Former Tozer Primary student says volunteer program helped him become a teacher
May 9, 2017
Volunteering at Tozer
To volunteer at Tozer Primary, call the office 970-686-8400 and the office staff will direct callers to Kelsey Emery, the new literacy teacher at Tozer.
Drew Gallagher remembers struggling with reading when he was a student at Tozer Primary.
A recent graduate from the University of Wyoming, Gallagher is now preparing to become a second grade teacher in Sheridan, Wyo., and said the Accelerated Reading program at Tozer Primary helped him on his journey from student to teacher.
While the 22-year-old cannot remember every detail of his time at Tozer, he does remember needing to join the Accelerated Reading program.
"I just remember that I was kind of reading a little bit below where they wanted me to be at," Gallagher said.
So Gallagher began working with a volunteer, William Anthony, to improve his reading skills.
Anthony, who since has died, was one of the many volunteers who have served in the reading program.
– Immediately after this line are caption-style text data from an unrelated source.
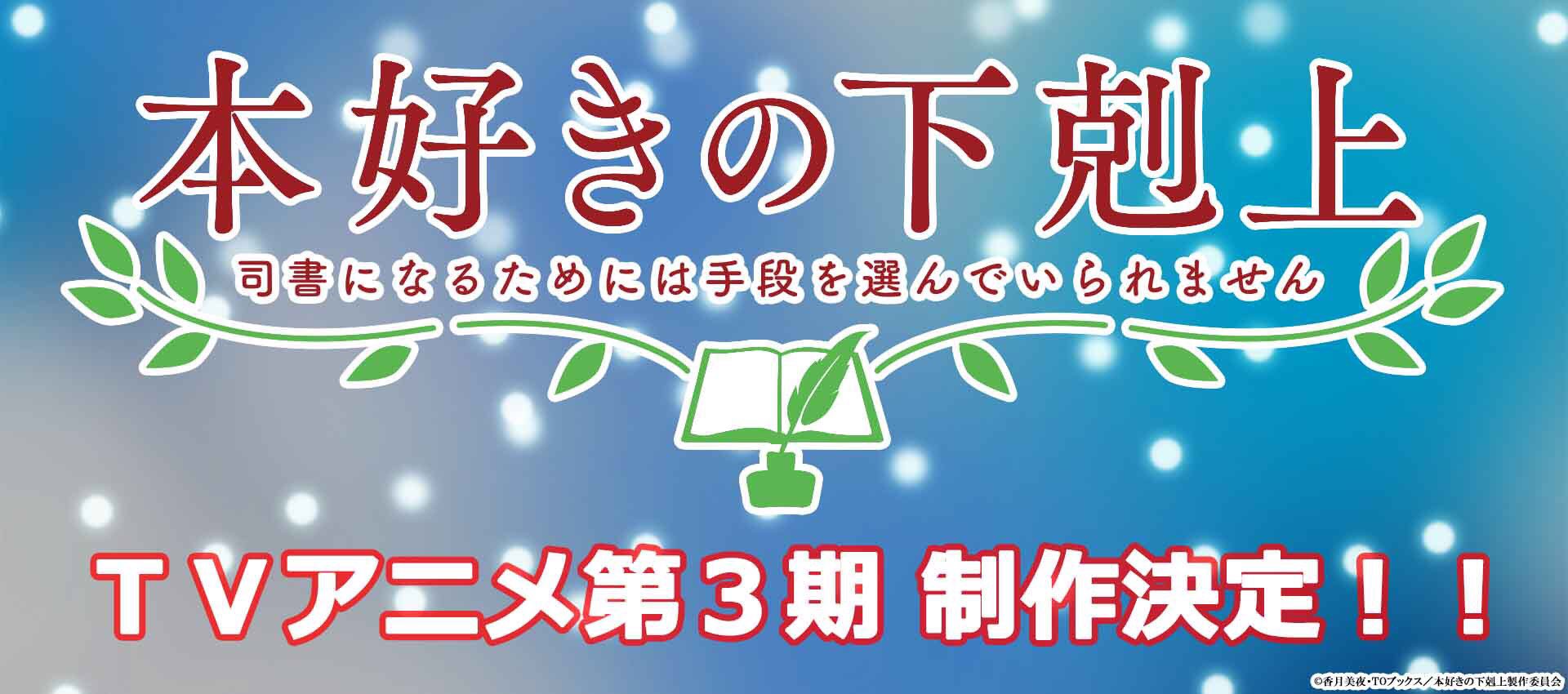 TV動畫『小書痴的下剋上：為了成為圖書管理員不擇手段！』第3期製作決定.jpg.jpg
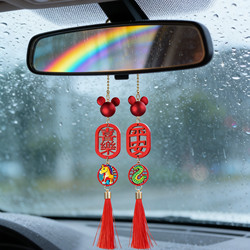 Twelve Zodiac Car Pendants, Safe Journey Car Pendants, Rearview Mirror Pendants, Electric Vehicle Interior Accessories, Car Pendants for Women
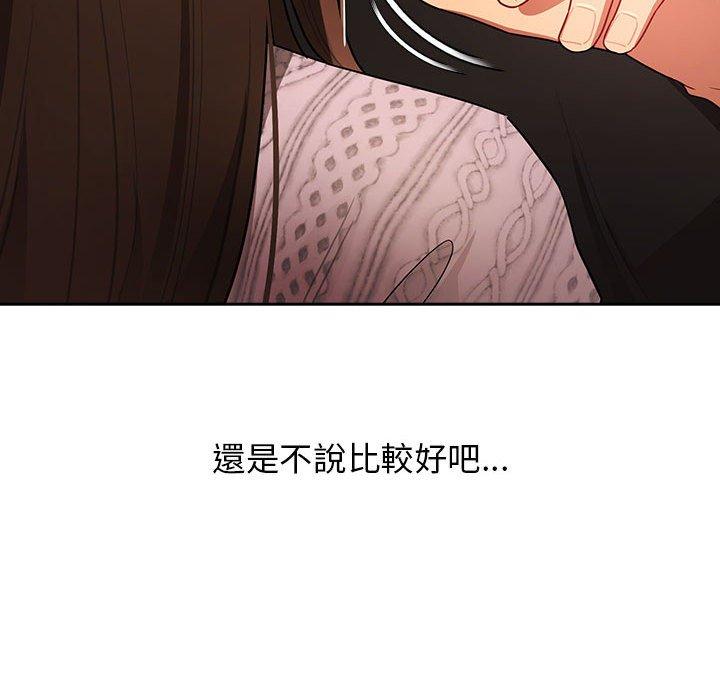 疫情期間的家教生活 第 86 話 第42页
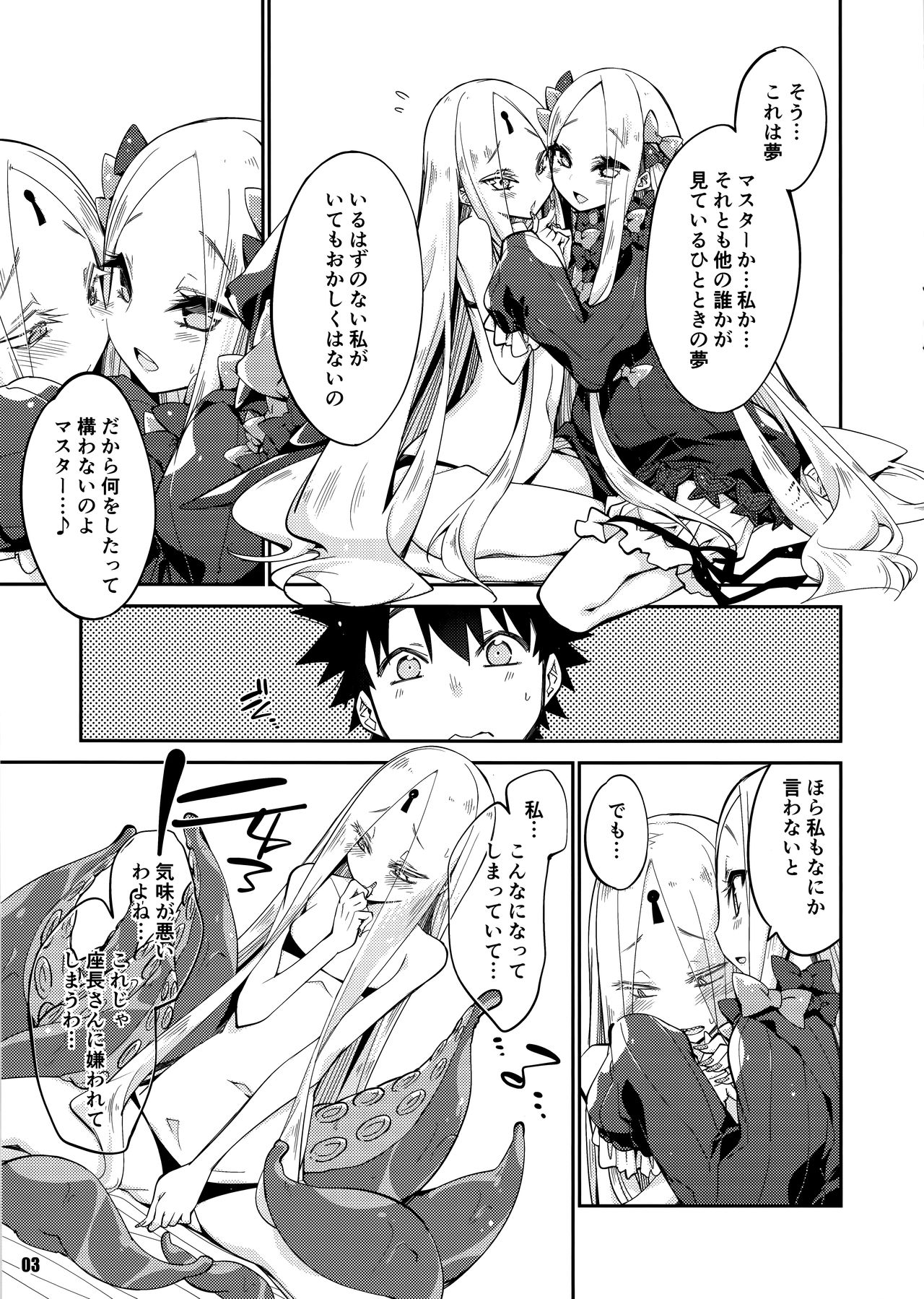 Kanata to Konata no Tokeau Yoru o Jo page 3 full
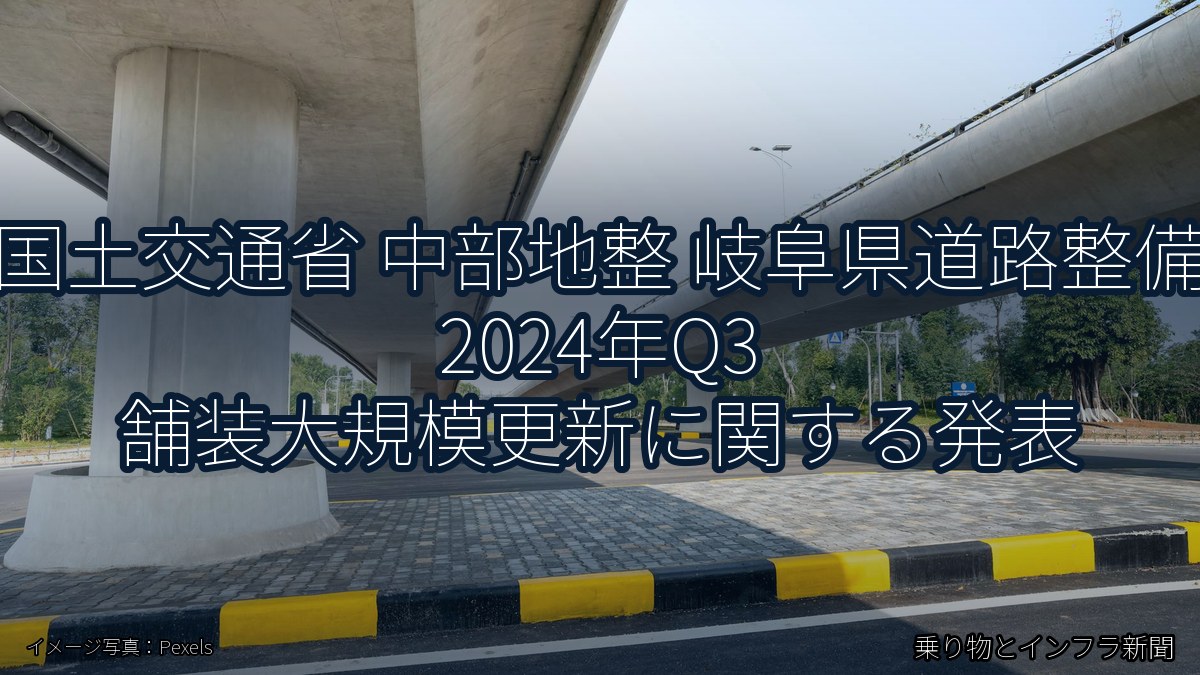 国土交通省 中部地整 岐阜県道路整備 2024年Q3 舗装大規模更新に関する発表（乗り物とインフラ新聞）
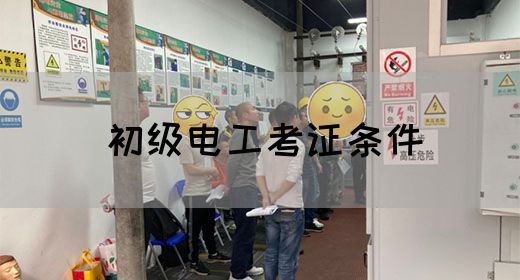 初级电工考证条件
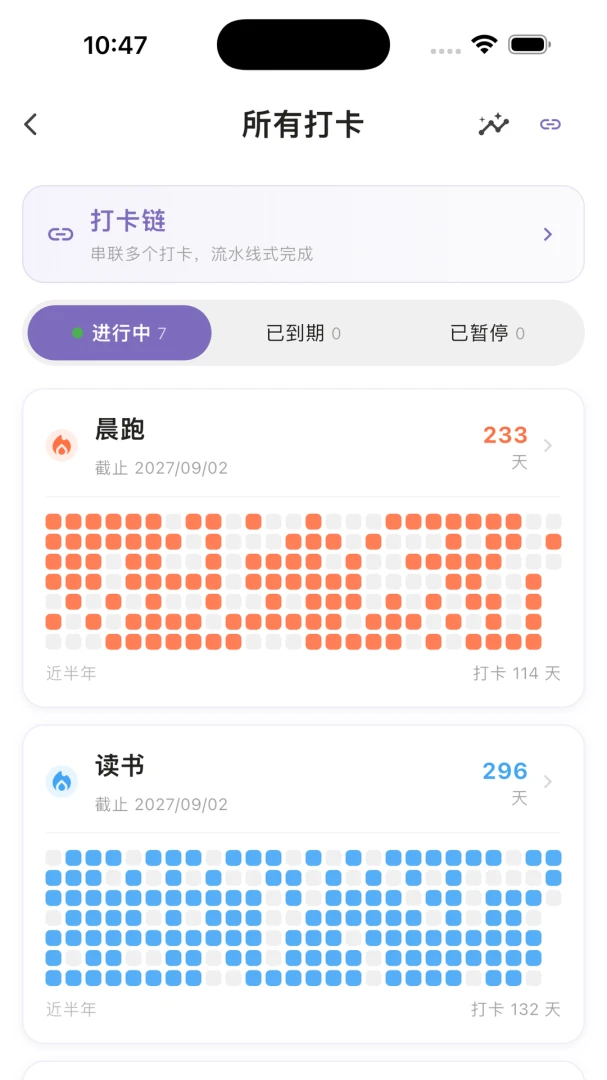 һ���ʱ���������v2.6.0 �ٷ������ͼ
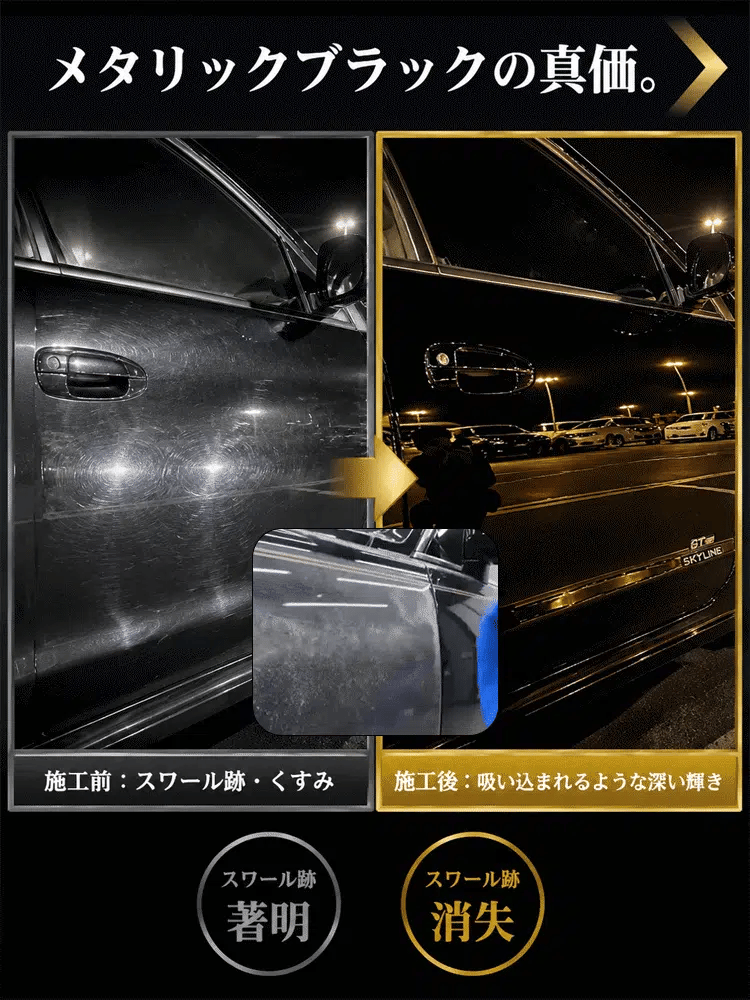 【トヨタ技術園裏技術】全車復活ナノ防弾コーティング剤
Laurie Purdy, a literacy specialist at Tozer, has organized the program for the past 16 years.
"I remember in first grade going and working with Mr. Anthony and Miss Purdy and just kind of reading with them," Gallagher said.
Many students – around 300 in the past 16 years – have also worked with volunteers at Tozer to improve their reading. Purdy, who will be retiring after 27 years in the Windsor-Severance Re-4 School District this year, hosted a volunteer reunion and thank you event this past Friday. After teaching for 35 years and working in Oklahoma, at Skyview Elementary, Mountain View Elementary and Tozer, Purdy said she has come to appreciate the affect volunteers can have on students.
"Just think about the impact," she said.
Purdy said she wanted to recognize all the volunteers' hard work — many worked with students one-on-one twice a week for several years — and allow the students they worked with to present the volunteers with colorful drawings and thank-you cards, many done in crayon.
Graduating from that program is also a moment Gallagher can remember, and he said working with Anthony and Purdy helped him become a teacher.
"Just being able to get in there and work one on one with them really helped me to want to be a teacher," he said. "And kind of guide me down the path of wanting to work with young students as well and just help them to grow as a student and a person."
Parents who attended the event also thanked volunteers. One parent, Rachel Daly, said her son, 6-year-old Xavier Gallegos, was two reading levels behind when he started the Accelerated Reading program. Through the help of volunteers, Daly said, Gallegos is now one reading level ahead.
"It's been really helpful and amazing," Daly said.
Purdy said the program will continue after she leaves, although she may be back to volunteer to read books to students.
"There's nothing better than an adult, a child and a book," she said.